======== Task inputs ========

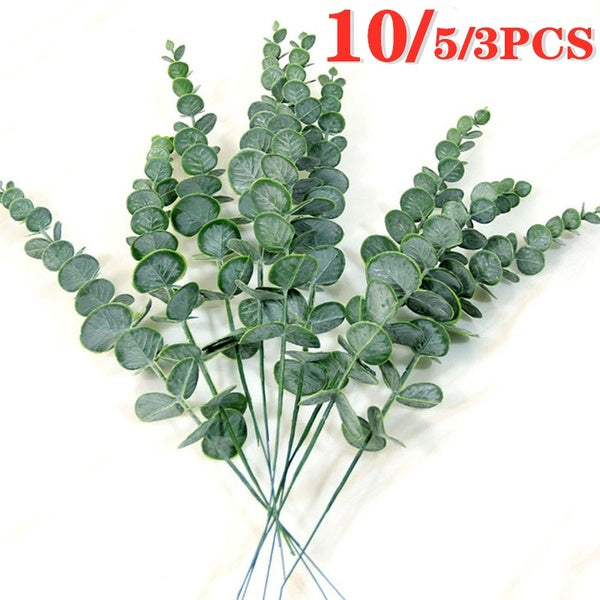 10-5-3pcs Green Simulation Eucalipto Single Artificial Eucalyptus Leaf Artificial Plants for Wedding Shooting Prop Home Decoration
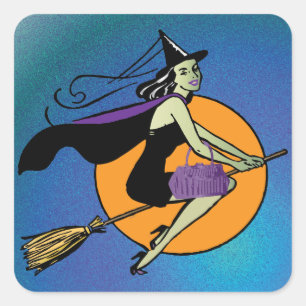 Witch Halloween Vierkante Sticker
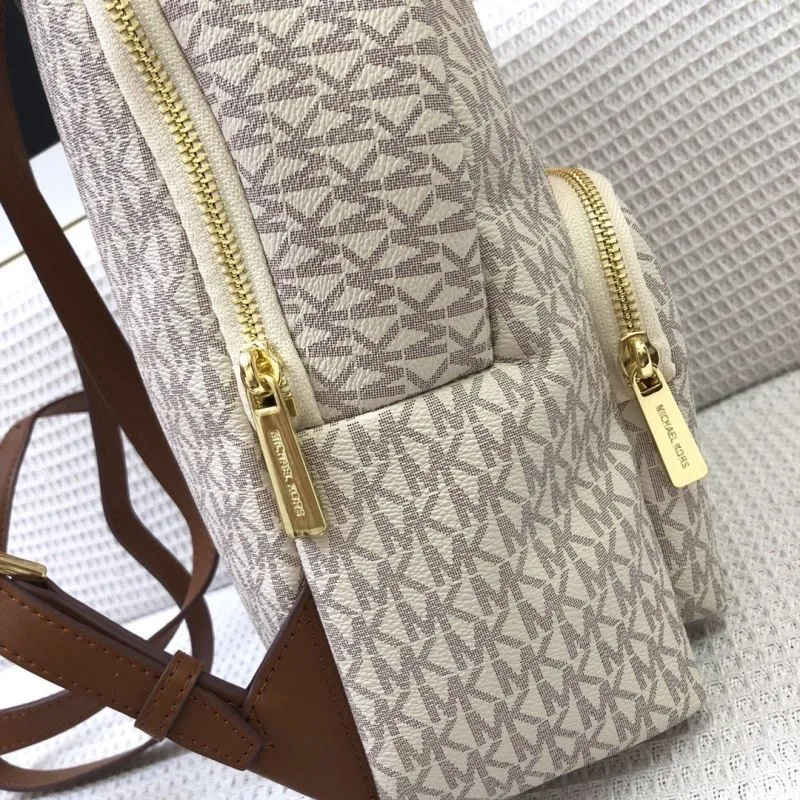 Michael Kors H8072 Monogram Beige Backpack - Image 5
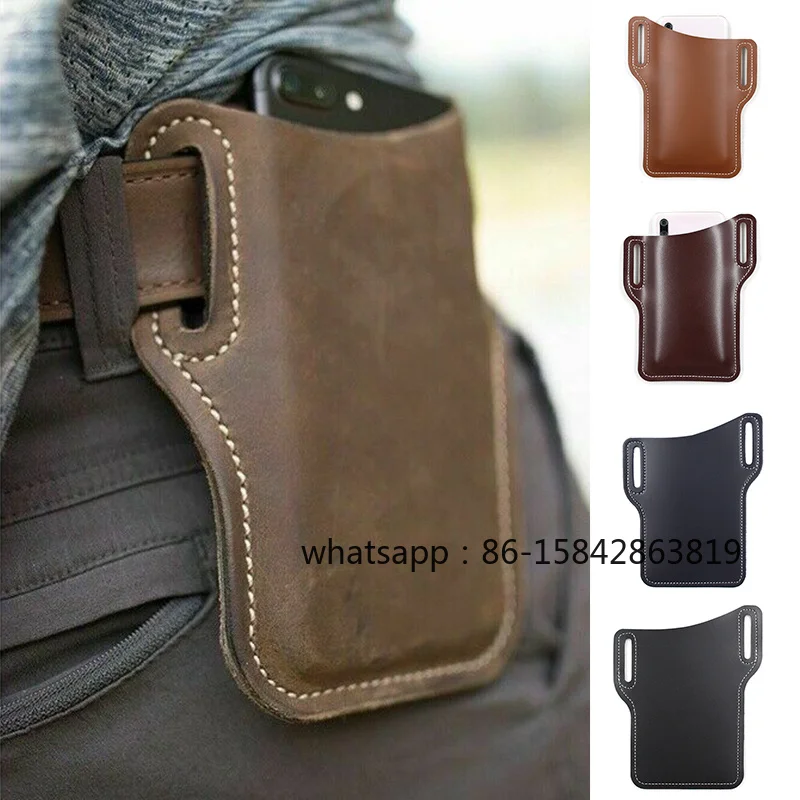 Men Phone Case Holster Cellphone Loop Holster Belt Waist Bag Props Leather Purse Phone Wallet Running Pouch Travel Camping Bags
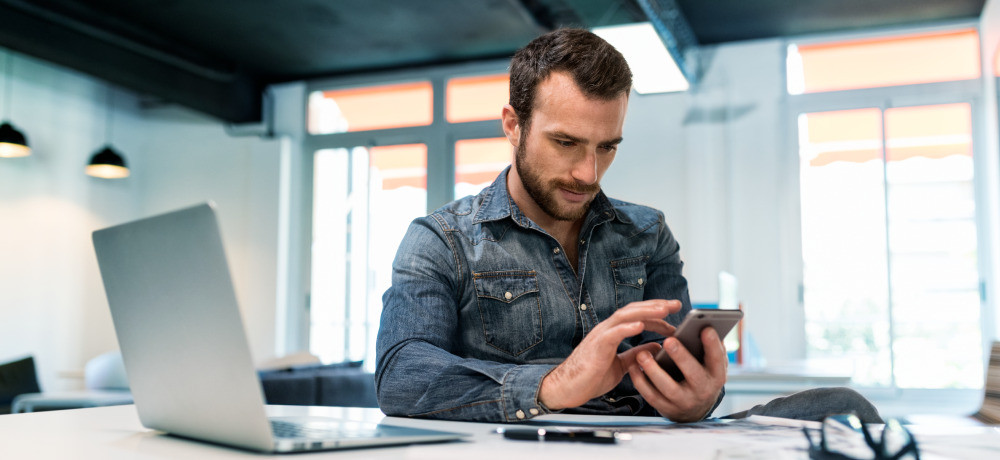 Man using the JobStack staffing app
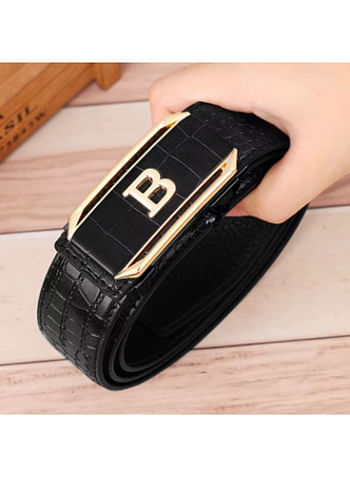 Leather Belt for Men Crocodile Pattern Dress Belt with Automatic Buckle Adjustable Fit for Formal and Casual Wear Black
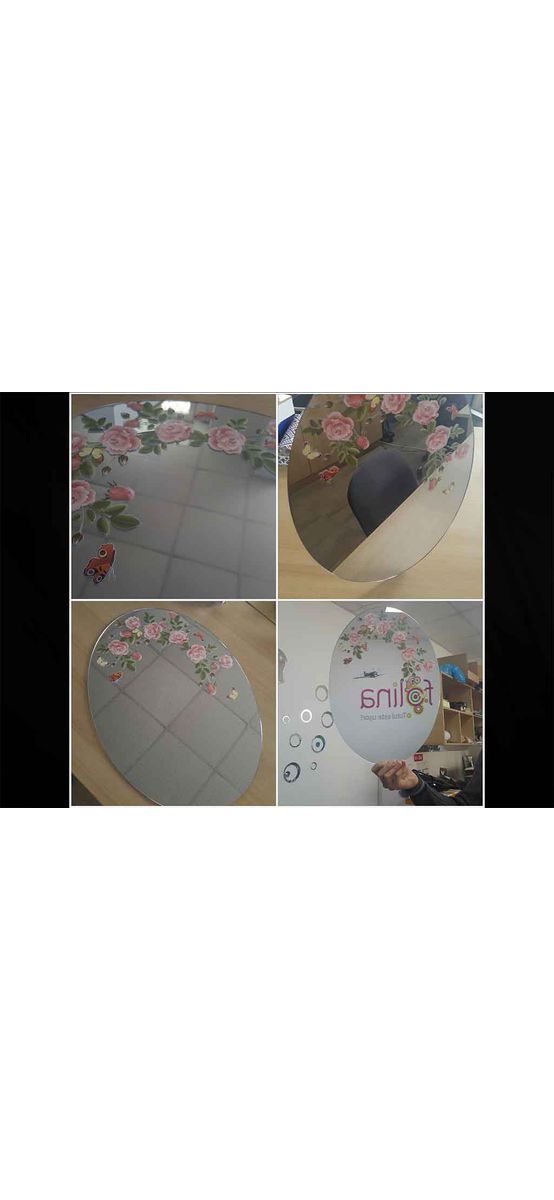 Oglindă decorativă Rosa, Folina, oglindă acrilică argintie, ovală, 50 cm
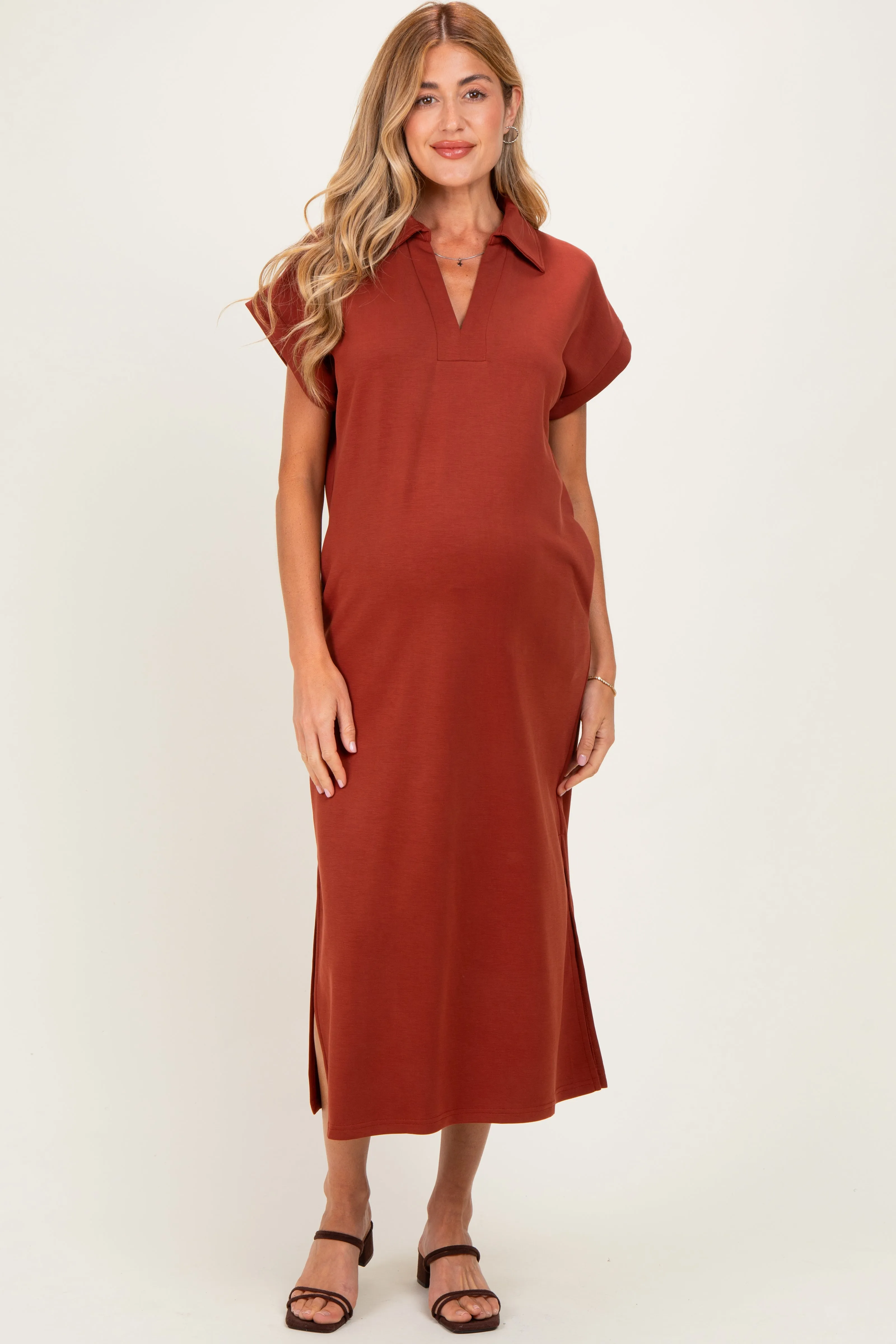 Clay Collared Short Sleeve Maternity Midi Dress sold by Pinkblush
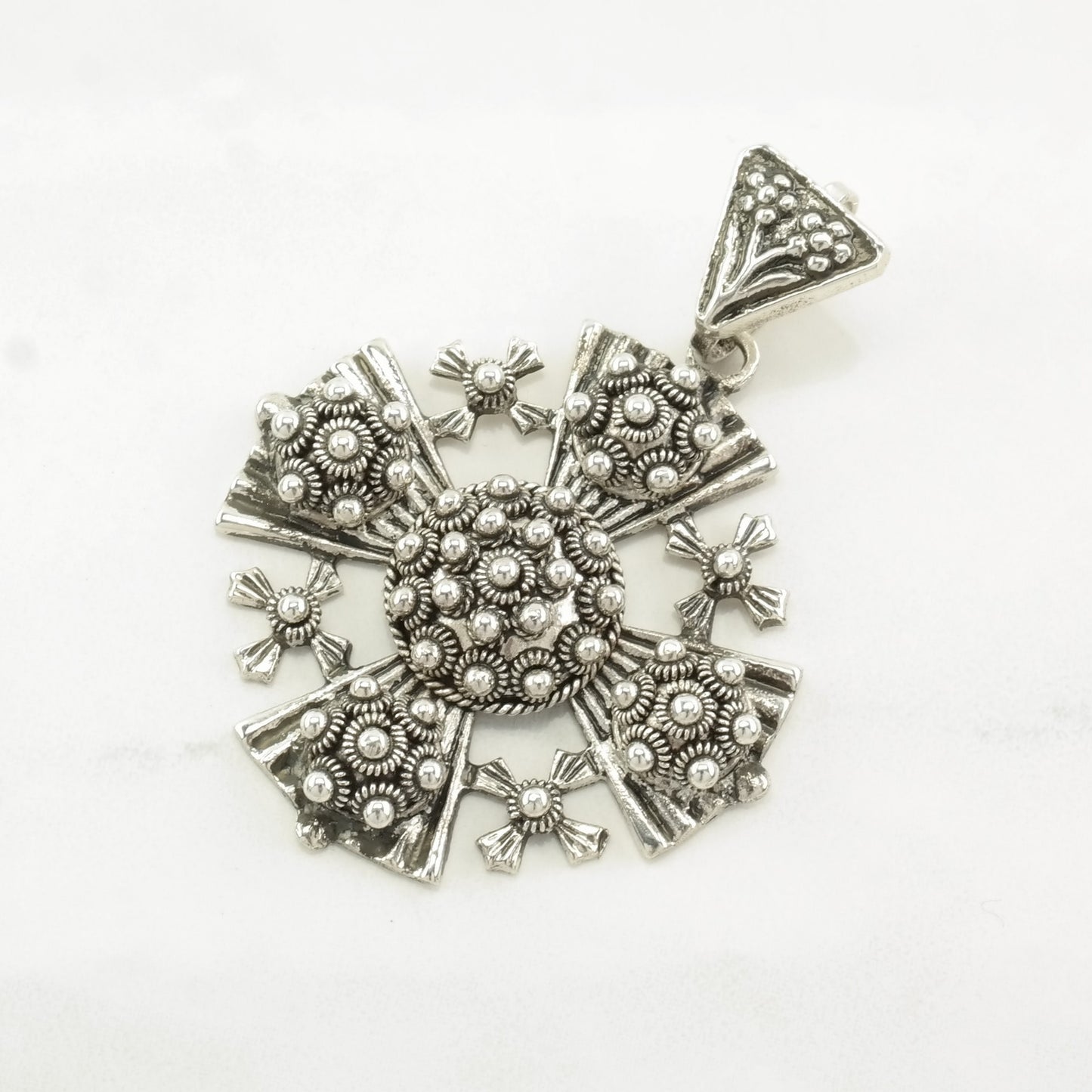 Vintage Jerusalem Cross Black Onyx Cross Sterling Silver Pendant
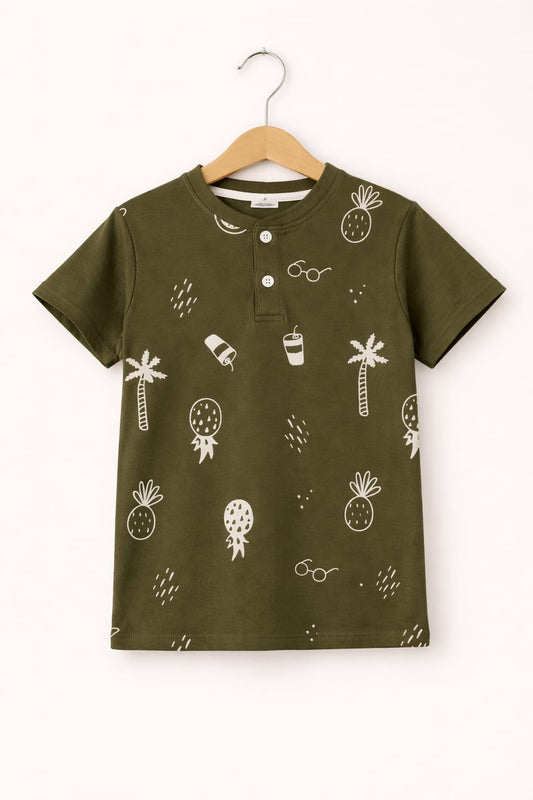 Pineapple Print Olive Green Henly Polo Shirt Boys 255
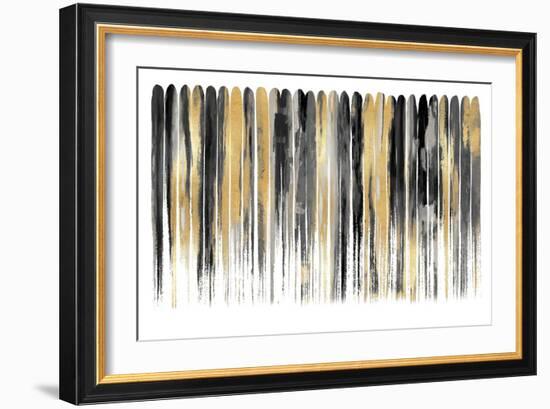 Vertical Lines Black Gold-David Moore-Framed Art Print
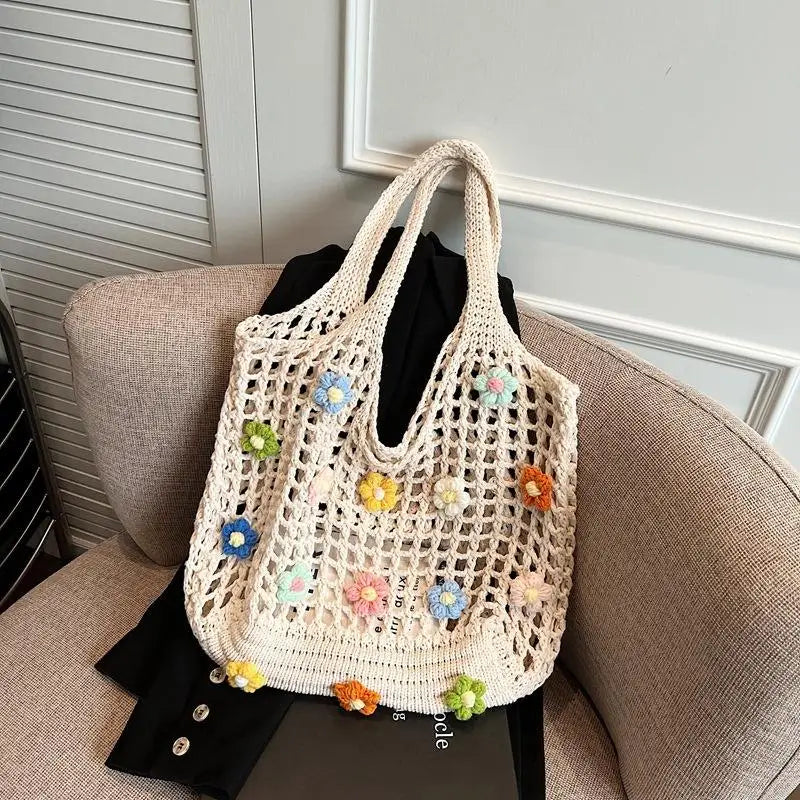 Women'S Bohemian Hollow Knitted Shoulder Bag, Harajuku Style Floral Design Large Capacity for Beach and Casual Use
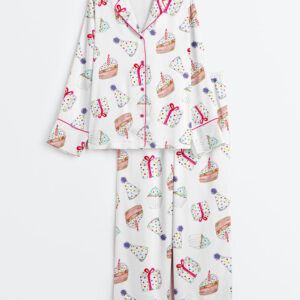 Womenâ€™s Birthday Party Long Sleeve Satin Pajama Set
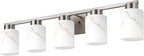 5-Light Bathroom Light Fixtures, Modern Vanity Lights, Brushed Nickel Metal - Image 8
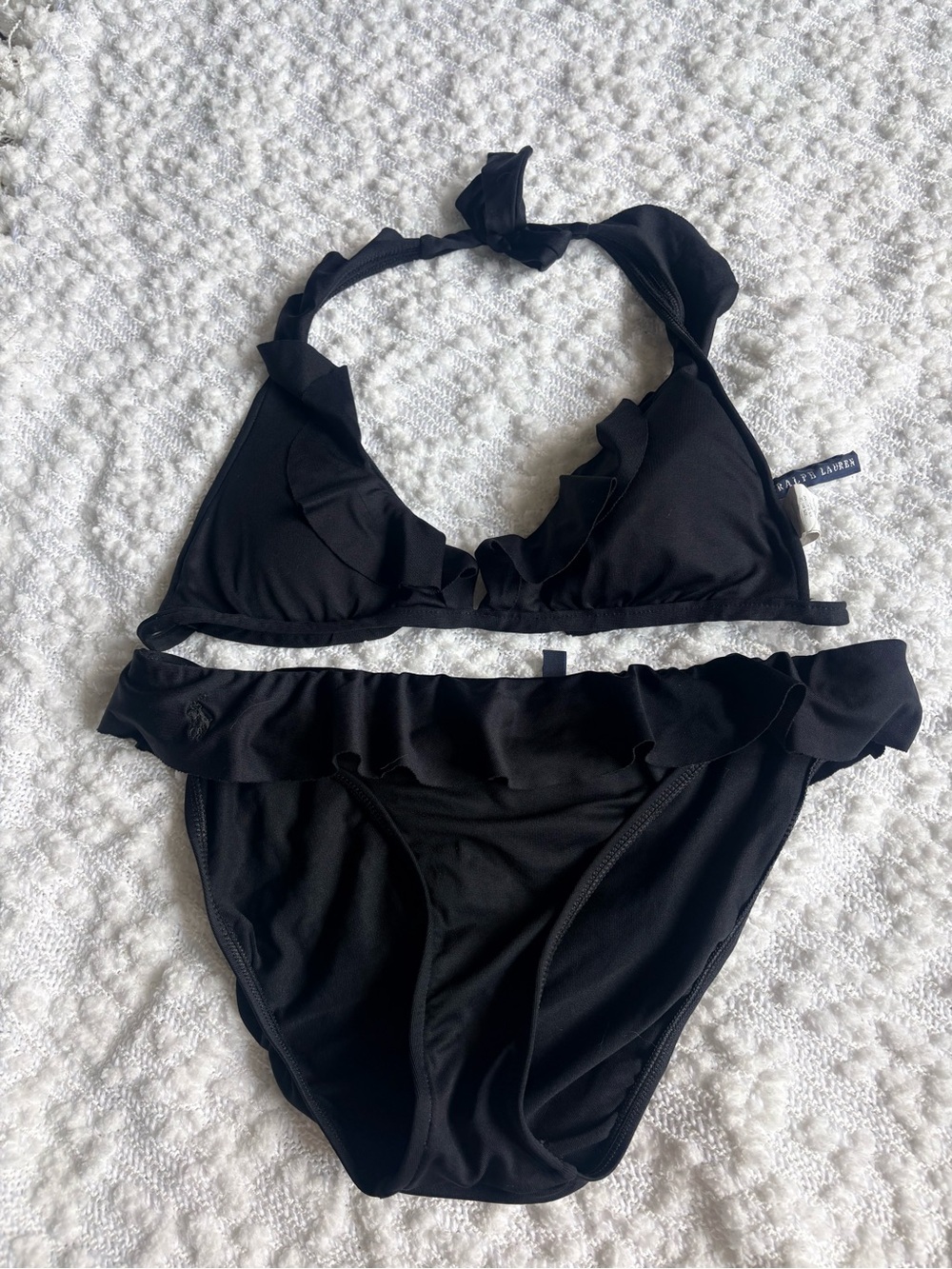 Ralph Lauren Black Bikini Top Size Small Bottoms Size Medium Ruffle Beachwear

========

What needs to be done: Above are some records; quote exactly and only the lines that begin at the line containing "Men Phone Case" and stop after the line containing "Man using the JobStack staffing app", leaving out the pictures.

Your solution:
 Men Phone Case Holster Cellphone Loop Holster Belt Waist Bag Props Leather Purse Phone Wallet Running Pouch Travel Camping Bags
 Man using the JobStack staffing app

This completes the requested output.